The story so far

Firstly, I must say how metropolitan it makes me feel to be considered part of a north london eurovision collective. Since I live the life of a provincial humbug in Cambridge, the title makes me feel like a ryanair airport. The rustlings of pseudonews regarding semi-quarter-pre-pre-prequalifiers announce that the silly season is about to begin. This is generally bad news for my professional life, home life and personal hygiene as what free moments i can muster shall be spent readjusting whatever frame of reference of musical taste that i ever claimed to have had to listen to 150 ukranian qualifiers for the organisers to choose something that wasn't amongst them in the first place. I'm still bitter about that.

However, certain early birds have caught even me by surprise. From the brink of allowing loca boca choca the to resound forever in our innocent ears as their second and final contribution to our favourite festival of european haute-culture, imminent withdrawl suddenly turned into a national final, with three songs shortlisted that would have got Pat Kenny's formaldehyde imbued toes tapping.

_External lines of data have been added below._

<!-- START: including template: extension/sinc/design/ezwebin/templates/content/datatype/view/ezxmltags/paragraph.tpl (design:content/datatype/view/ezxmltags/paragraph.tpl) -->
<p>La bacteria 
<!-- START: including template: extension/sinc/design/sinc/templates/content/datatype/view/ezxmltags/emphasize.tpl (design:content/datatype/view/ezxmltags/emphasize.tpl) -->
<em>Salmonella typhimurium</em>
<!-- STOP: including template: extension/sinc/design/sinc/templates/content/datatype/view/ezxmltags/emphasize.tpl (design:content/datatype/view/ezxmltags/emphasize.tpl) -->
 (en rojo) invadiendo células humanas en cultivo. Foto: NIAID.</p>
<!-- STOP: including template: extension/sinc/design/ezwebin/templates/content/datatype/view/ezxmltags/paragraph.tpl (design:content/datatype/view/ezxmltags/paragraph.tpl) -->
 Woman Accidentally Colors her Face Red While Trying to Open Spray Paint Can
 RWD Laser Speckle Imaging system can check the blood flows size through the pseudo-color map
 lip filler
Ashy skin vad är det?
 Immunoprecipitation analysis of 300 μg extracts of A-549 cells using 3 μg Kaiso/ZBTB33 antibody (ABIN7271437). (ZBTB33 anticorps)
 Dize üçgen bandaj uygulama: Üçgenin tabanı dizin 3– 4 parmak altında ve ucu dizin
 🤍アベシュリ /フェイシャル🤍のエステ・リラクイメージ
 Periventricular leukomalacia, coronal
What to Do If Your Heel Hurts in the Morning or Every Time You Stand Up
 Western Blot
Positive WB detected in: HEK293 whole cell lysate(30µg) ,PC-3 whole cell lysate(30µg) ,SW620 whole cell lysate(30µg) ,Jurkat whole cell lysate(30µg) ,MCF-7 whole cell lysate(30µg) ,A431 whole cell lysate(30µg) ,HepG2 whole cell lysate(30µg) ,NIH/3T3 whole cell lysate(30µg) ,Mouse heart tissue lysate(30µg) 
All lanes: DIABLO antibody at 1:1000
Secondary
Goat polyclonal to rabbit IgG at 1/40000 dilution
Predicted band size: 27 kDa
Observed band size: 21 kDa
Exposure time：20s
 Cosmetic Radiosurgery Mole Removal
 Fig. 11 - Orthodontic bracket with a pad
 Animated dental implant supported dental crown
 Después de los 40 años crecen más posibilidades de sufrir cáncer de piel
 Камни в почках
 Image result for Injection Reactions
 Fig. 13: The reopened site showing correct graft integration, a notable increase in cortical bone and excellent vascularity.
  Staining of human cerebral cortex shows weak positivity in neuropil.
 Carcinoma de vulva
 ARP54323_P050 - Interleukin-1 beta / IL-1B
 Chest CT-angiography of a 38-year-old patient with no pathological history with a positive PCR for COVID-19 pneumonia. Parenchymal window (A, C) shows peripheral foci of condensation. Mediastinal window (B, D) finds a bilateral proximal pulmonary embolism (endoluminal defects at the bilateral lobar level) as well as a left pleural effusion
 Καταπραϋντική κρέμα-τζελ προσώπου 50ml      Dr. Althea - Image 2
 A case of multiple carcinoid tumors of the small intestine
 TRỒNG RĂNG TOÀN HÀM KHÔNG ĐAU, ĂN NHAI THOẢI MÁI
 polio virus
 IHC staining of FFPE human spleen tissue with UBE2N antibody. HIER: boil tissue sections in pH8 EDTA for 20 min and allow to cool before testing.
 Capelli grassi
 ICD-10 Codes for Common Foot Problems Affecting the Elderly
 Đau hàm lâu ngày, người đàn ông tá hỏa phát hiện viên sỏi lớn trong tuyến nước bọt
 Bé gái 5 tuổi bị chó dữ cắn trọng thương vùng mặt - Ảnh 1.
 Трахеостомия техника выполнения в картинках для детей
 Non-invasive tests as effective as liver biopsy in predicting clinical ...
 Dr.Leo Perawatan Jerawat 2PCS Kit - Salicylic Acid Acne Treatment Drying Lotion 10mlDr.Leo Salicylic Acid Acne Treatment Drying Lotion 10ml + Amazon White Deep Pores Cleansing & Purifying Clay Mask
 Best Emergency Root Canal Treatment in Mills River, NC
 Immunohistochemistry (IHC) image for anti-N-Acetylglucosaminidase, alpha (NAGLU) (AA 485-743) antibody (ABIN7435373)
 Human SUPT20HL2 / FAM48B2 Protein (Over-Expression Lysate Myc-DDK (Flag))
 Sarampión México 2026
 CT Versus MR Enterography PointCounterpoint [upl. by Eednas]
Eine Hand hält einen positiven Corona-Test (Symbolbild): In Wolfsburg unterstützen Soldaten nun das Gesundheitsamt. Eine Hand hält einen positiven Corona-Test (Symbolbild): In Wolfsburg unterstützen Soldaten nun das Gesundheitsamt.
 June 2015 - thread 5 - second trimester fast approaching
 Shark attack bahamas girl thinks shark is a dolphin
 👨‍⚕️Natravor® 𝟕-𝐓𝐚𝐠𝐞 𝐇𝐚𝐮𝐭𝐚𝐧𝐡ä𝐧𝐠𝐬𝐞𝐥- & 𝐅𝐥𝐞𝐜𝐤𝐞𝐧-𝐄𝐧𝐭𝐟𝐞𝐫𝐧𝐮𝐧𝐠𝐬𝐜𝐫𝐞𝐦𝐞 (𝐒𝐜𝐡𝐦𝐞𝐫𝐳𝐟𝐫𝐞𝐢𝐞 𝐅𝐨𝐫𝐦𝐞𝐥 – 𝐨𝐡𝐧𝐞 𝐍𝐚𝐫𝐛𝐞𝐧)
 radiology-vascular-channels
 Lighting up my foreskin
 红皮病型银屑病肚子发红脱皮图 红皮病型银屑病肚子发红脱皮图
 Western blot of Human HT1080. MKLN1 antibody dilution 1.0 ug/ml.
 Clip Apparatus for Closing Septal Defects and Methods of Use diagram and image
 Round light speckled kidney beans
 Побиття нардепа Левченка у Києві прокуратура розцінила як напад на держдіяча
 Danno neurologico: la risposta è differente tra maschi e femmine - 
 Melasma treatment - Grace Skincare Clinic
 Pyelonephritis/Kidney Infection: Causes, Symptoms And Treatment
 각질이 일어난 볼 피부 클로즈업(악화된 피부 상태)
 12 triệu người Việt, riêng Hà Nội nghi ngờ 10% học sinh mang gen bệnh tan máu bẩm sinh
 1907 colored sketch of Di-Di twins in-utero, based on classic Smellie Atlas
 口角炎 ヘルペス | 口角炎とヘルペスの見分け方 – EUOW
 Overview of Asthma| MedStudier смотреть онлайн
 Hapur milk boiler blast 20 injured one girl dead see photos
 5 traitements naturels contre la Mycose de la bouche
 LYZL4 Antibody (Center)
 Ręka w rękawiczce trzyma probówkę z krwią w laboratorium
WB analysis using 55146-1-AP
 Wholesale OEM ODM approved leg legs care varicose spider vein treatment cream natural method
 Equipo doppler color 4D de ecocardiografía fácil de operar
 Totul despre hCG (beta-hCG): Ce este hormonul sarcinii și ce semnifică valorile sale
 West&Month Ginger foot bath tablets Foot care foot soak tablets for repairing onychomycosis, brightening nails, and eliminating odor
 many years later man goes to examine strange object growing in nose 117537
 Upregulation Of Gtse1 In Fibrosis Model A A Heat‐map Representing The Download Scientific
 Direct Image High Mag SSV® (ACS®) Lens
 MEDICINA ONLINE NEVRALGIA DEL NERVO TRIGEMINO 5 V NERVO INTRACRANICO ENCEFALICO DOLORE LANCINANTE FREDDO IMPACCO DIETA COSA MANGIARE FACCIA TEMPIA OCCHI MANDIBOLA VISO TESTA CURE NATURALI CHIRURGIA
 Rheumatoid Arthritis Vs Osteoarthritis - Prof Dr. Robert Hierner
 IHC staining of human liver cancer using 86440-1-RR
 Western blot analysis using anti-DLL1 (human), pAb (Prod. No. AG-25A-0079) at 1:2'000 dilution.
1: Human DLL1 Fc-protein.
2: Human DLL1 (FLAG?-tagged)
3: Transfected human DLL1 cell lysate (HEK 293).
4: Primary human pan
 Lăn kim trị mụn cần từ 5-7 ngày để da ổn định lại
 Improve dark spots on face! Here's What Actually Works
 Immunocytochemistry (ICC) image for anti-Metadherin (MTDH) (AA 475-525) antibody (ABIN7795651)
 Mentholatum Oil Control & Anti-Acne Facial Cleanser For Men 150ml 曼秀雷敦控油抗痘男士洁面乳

Whilst i strongly advocated the return of Zdob si zdub with space cowbow, seasoned performers with a perfect blend of ethnokitsch with just enough of a twist of hip-hop to stand out from the crowd, the moldovans begged to differ and opted for Natalia Barbu, telling us to "fight". Judging by the cut of her, i wouldn't be up for it. After the mortal sin that was that song-that-shall-not-be-named (ok, i already did about 8 lines ago) I braced myself for the worst. However, if "fight" was in the irish final, i would actually have been delighted. It is a decent, well produced, totally unoriginal but very commercial offering which owes more than a few quid to Evanescence. OK, the lyrics are naff and gramatically questionable (Never let nobody in, and step right on your dream) but who's checking? A favourable draw and good performance could see this qualify.

Albania were pipped at the post by Natalia, but the now traditional early birds still got their song picked and aired (and hung out to dry if the reactions on esctoday are anything to go by) before christmas. It seems a long time since little Anjeza Shahini tottered across their national final stage in silence to announce "menyemenyah" to rapturous applause before treating her audience to the original albanian version of her song, "you are the bum". In contrast, this year's entry seems to have been savaged in most quarters. I actually quite like it, particularly the haweeyawee intro which then gives way to an impassioned, if rather pained performance. It has a earnestness about it which many of todays eurohits (oh what a difference a letter can make) seem to lack, yet diaspora voting aside, i can't see this making the grade for the final. Unless of course, the performers defect to FYR Macedonia; but then again if i represented them by eating my own head live on stage whilst beating a saucepan, i'd be in the eurovision final too.